Lucía, mi Pediatra.

Desde la experiencia de mi profesión y la sensibilidad de mi maternidad.

Empatía. La historia de mi día a día.

Empatía

Tantas veces hemos oído esta palabra ¿verdad? Parece que cada vez más. He de reconocer que la formación de un médico durante la Universidad en cuanto a inteligencia emocional es prácticamente nula. Afortunadamente hay excepciones.

Durante los años de facultad entre apuntes, libros, exámenes, bibliotecas y prácticas agotadoras, de pronto aparecía un médico que te alegraba el día: no te mostraba los signos clínicos de la enfermedad en el paciente, si no que te mostraba los signos de enfermedad en su mirada, en sus gestos y en sus palabras. Nosotros, los estudiantes, le mirábamos como a un extraterrestre aterrizando en el Planeta Tierra. Ahora me doy cuenta que los extraterrestres eran los demás.

Con esa medicina es con la que me quedo, definitivamente. “Sufrirás mucho”, “es agotador”, “hay que establecer barreras”; qué palabra más fea: barreras.

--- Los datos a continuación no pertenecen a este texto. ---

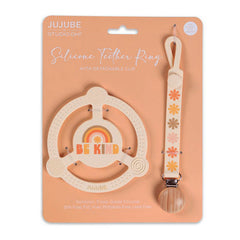 Silicone Teether Ring - Be Kind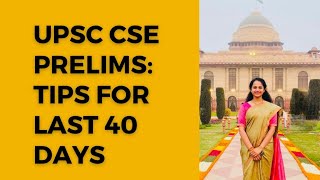 Last minute tips for UPSC CSE Prelims by Jagrati Awasthi UPSC CSE 2020 AIR 2 [upl. by Marola]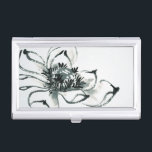 Peace l Beautiful Watercolor Lotus Business Card Holder<br><div class="desc">Original Chinese brush painting or Japanese sumi-e (watercolor) of a lotus blossom. Add custom text if desired.</div>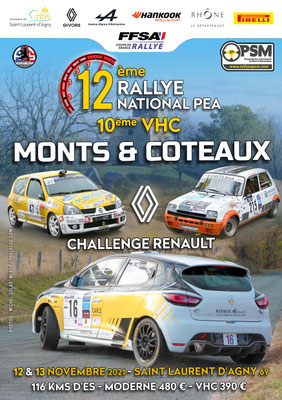 12ème rallye monts et coteaux 2021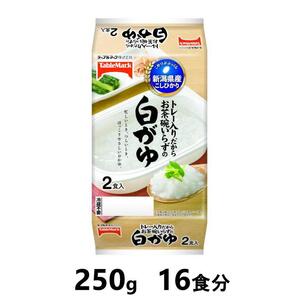 新潟県産こしひかり　白がゆ　250g×16食分　／テーブルマーク　パックごはん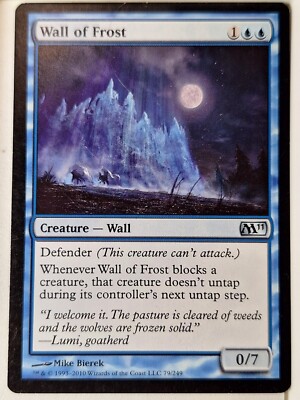 Wall of Frost - Magic 2011 Core Set M11 - Magic the Gathering MTG Nice ...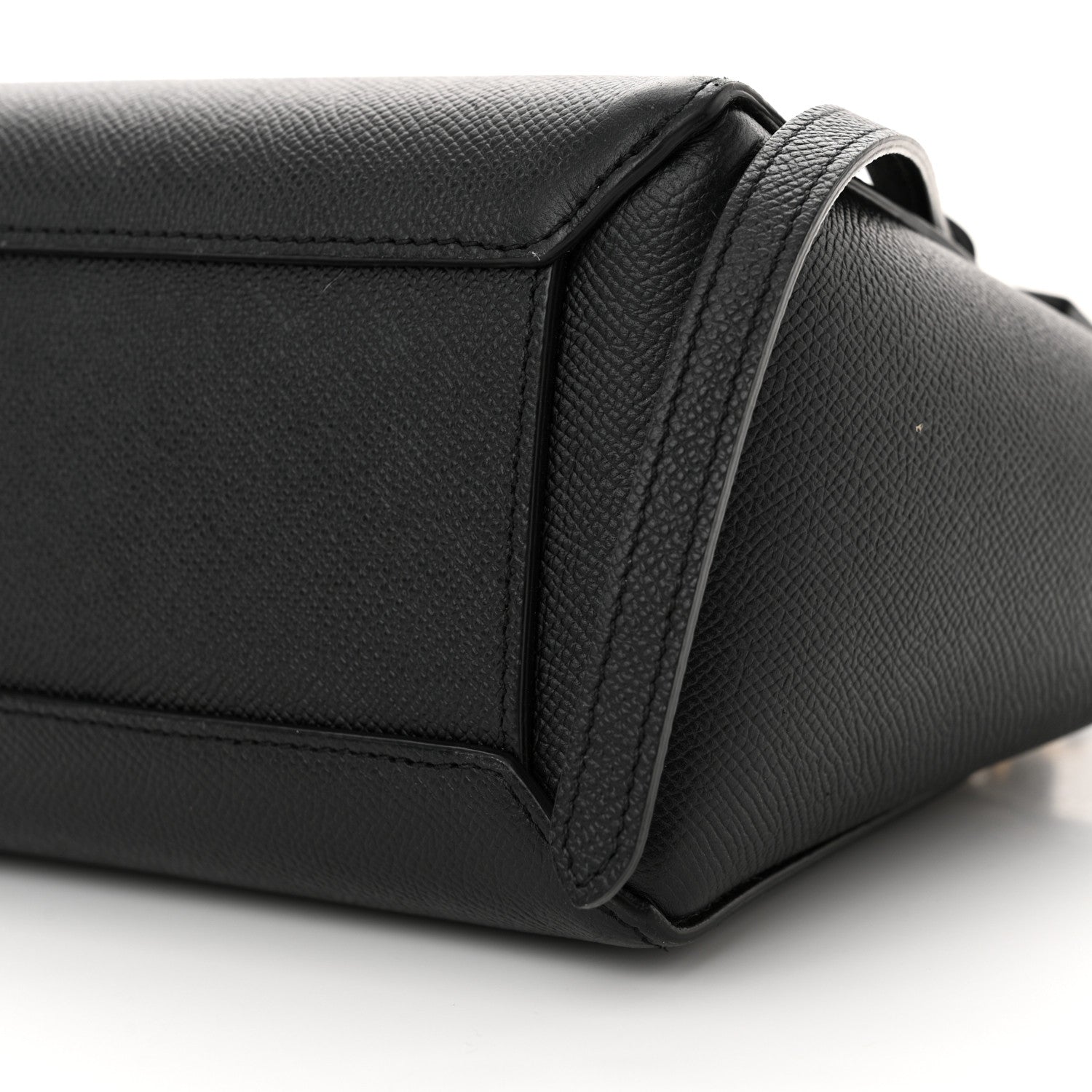 Celine Grained Calfskin Nano Belt Bag Black 10 of 12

Estas y otras muchas frases he escuchado a lo largo de mi carrera profesional.

Qué duda cabe que los años te enseñan a encajar mejor los golpes, las historias tristes, las pérdidas. Aprendes a encontrarle un sentido. Aún recuerdo lo que lloraba durante mis años de residencia ante dramáticas historias que si ya eran incompresibles para mí, mucho más para unos padres.

Pero también he aprendido a nutrirme de las muestras de cariño de mis  pacientes, de sus sonrisas, de su apoyo cuando no lo esperas, de su confianza y de su fe ciega en ti. Me sigo asombrando cuando viene alguna madre con su hijo de visitar a uno de los mejores especialistas en un campo determinado, muchas veces incluso se han desplazado a Madrid o a Barcelona y vuelven a mi consulta con el conocido: “Nos ha dicho esto, pero queremos saber tú qué opinas”.

  • Mujer, el caso de tu hijo es excepcional, yo habré visto uno o ninguno. Este doctor al que visitasteis lleva muchos de los casos diagnosticados en España por lo que sabe muchísimo más que yo de este tema. Vamos a hacerle caso.

Y se quedan tranquilos… A mí siempre me ocurre lo mismo: permanezco unos segundos en silencio, observando a la madre, ambas sonreímos. Ella tranquila, yo asombrada, abrumada por su confianza y de pronto, en esos segundos de silencio, conectamos. Sí, sí, conectamos. Es casi magia. No me ocurre con todo el mundo, no sé exactamente de qué depende, pero cuando se produce, me siento realmente bien y feliz de lo que siento.

Hace unos días llegó a mí este vídeo. Soy de lágrima fácil, lo reconozco, pero en apenas 4 minutos resume a la perfección lo que es la empatía. Me ha impactado tanto que propongo que todos los médicos y profesionales de la salud vean al menos una vez al año este vídeo y graben las imágenes a fuego… Esta es la historia de nuestro día a día. Lo veamos o no lo veamos. Pero ahí está.

Llegamos al trabajo inmersos en nuestros problemas, en lo que nos queda por hacer, en los deberes de los niños que no han hecho, en la próxima reunión con los jefes o con la profe del colegio (igual de importante) y en ocasiones, llego a mi consulta sin haber levantado la mirada del suelo. Hago propósito de enmienda, desde hoy.

Estoy convencida que mañana llegaré al hospital con otros ojos. “¿Podría existir un milagro mayor que poder ver desde los ojos de otros por un momento?